Si vous voulez en prendre plein les yeux, ne cherchez plus! Rendez-vous au MAD Paris (Musée des Arts Décoratifs de Paris) pour vous éblouir de la nouvelle exposition qui s’y tient depuis le 21 octobre dernier et jusqu’au 20 février 2022: Cartier et les arts de l’Islam – aux sources de la modernité.

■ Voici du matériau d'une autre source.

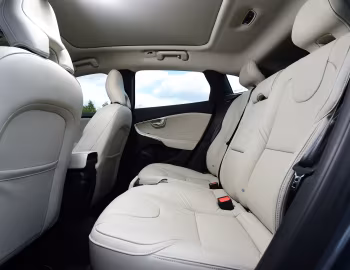 Interior Volvo V40 T3 [UK-spec] '2012–16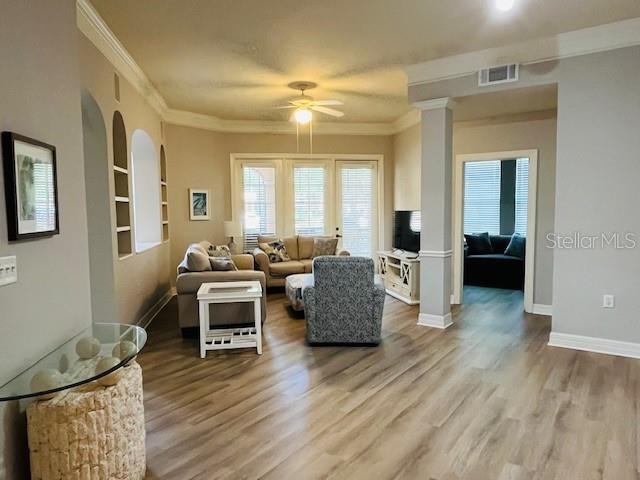 Building Photo - 515 Mirasol Cir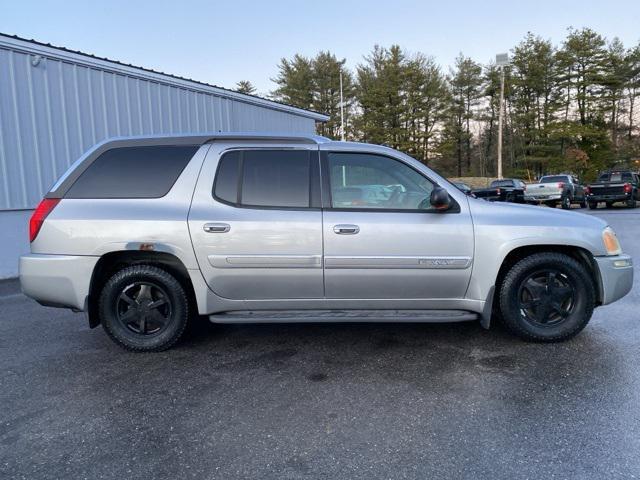 used 2004 GMC Envoy XUV car, priced at $2,950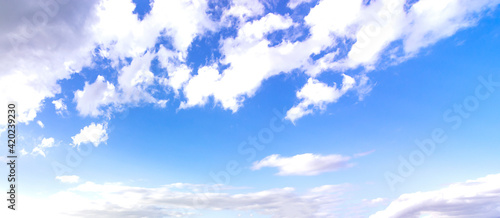 white clouds on the blue sky © muratti6868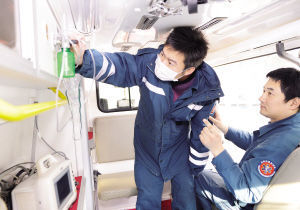 男护士为女病人插导尿管被患者丈夫轰出来 图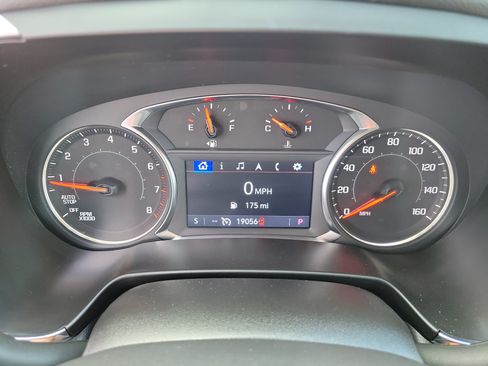 Used 2025 Chevrolet Blazer LT FWD image 23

En premier lieu, vous vous dites que cette exposition est dédiée aux initiés, que vous y connaissez peu de choses aux arts de l’Islam, et que Cartier, vous connaissez de nom mais ses bijoux vous restent pour la plupart inaccessibles. Et bien détrompez-vous ! A travers plus de 500 pièces -bijoux, objets, œuvres d’art, dessins, livres, photographies, documents d’archives-, et une superbe scénographie du cabinet d’architecte américain DS+R (Diller Scofidio + Renfro), didactique et réalisée avec pédagogie comme c’est toujours le cas aux MAD Paris, vous comprendrez facilement et avec émerveillement les influences des arts de l’Islam sur la création et la fabrication de bijoux et objets précieux de la Maison Cartier, du début du 20e siècle à aujourd’hui. Une influence qui donnera toute sa modernité à ce célèbre haut joailler.

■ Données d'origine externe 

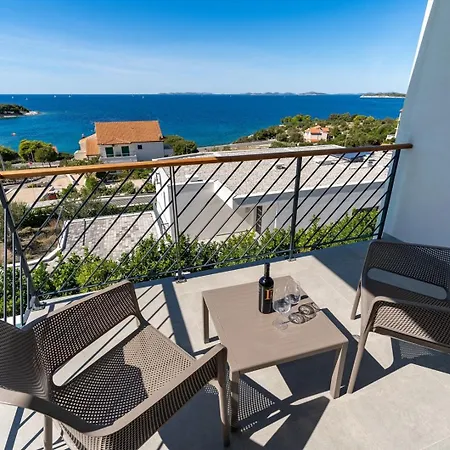 Seaview With Heated Pool, A Hot Tub, Finnish Sauna 빌라
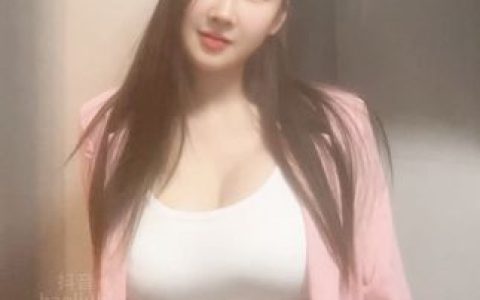 冰泉女神的伊甸园,探索她在这个虚拟世界中的独特体验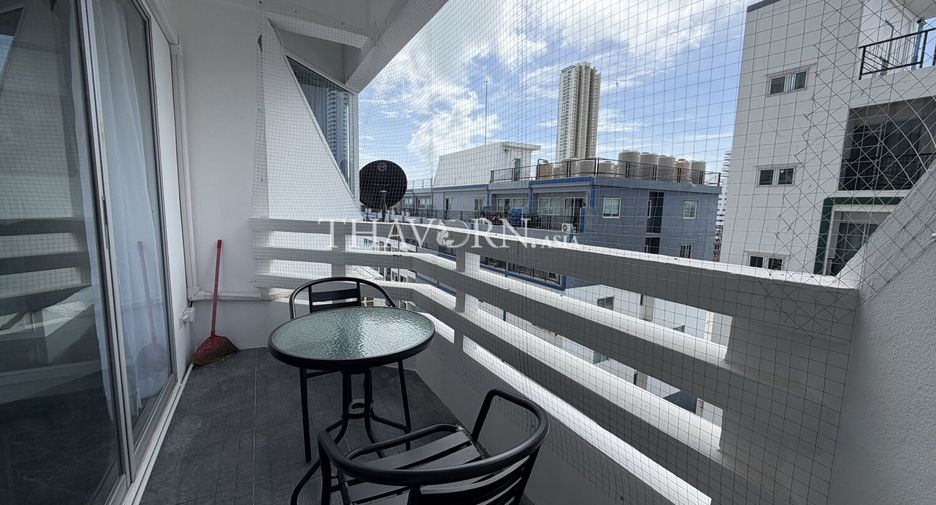 À vendre studio condo à Jomtien, Pattaya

A travers un parcours de visite court, thématique et chronologique, l’exposition revient, dans une première partie, sur l’histoire de la Maison Cartier, créée en 1847 par Louis-François Cartier dont le fils Alfred, et le petit-fils Louis, feront la renommée internationale ; et sur l’origine de l’intérêt pour l’art et l’architecture islamiques qui s’imposeront comme autant de nouvelles sources d’inspiration au début du 20e siècle.
Dans une seconde partie, vous découvrirez une magnifique et riche sélection de bijoux et de créations de la Maison Cartier illustrant le répertoire des nombreuses formes inspirées par les arts de l’Islam qu’elle a utilisé et utilise encore.
La Visite de l’exposition
Dès le début de l’exposition, en gravissant les quelques marches qui y conduisent, je me retrouve face à trois créations emblématiques de la Maison Cartier qui sont mises en regards d’œuvres d’art islamiques. La beauté de ces pièces donne le ton de ce qui va suivre!
Point Histoire ! Avant de pénétrer dans la première salle, je vous propose un point rapide et historique sur les débuts de la Maison Cartier. Après avoir débuté sa carrière de joailler chez Adolphe Picard qui lui cèdera son atelier en 1847, Louis-François Cartier (1819-1904) fonde sa propre entreprise spécialisée dans la vente de bijoux et objets d’art à laquelle il associe son fils Alfred (1841-1925) en 1872. L’aîné d’Alfred, Louis (1875-1942), qui s’associe à lui en 1898, fait déménager la Maison au 13 rue de la Paix en 1899, haut lieu de la mode et de la joaillerie parisiennes. C’est là, et surtout dans les années suivantes, que Cartier commence la création de bijoux en son nom propre, et que l’entreprise se dote d’un studio de dessinateurs, avant d’y installer un atelier de fabrication en 1929. Au début du 20e siècle, Cartier lance donc ses propres collections tout en continuant d’acheter et vendre des bijoux et objets d’arts : porcelaine de Sèvres, petits tableaux, bijoux indiens ou Renaissance…. Et œuvres islamiques. En 1902, la Maison prend une dimension internationale avec l’ouverture d’une filiale à Londres dirigée par Pierre, le deuxième fils d’Alfred ; et en 1909 une branche américaine est inaugurée à New York sous la direction de Pierre, Jacques, le troisième et dernier fils, prenant les rênes de la succursale londonienne. C’est aussi à cette période que l’intérêt de la famille Cartier pour les arts de l’Islam va commencer., et que leur collection va s'enrichir et influencer les créations de la Maison.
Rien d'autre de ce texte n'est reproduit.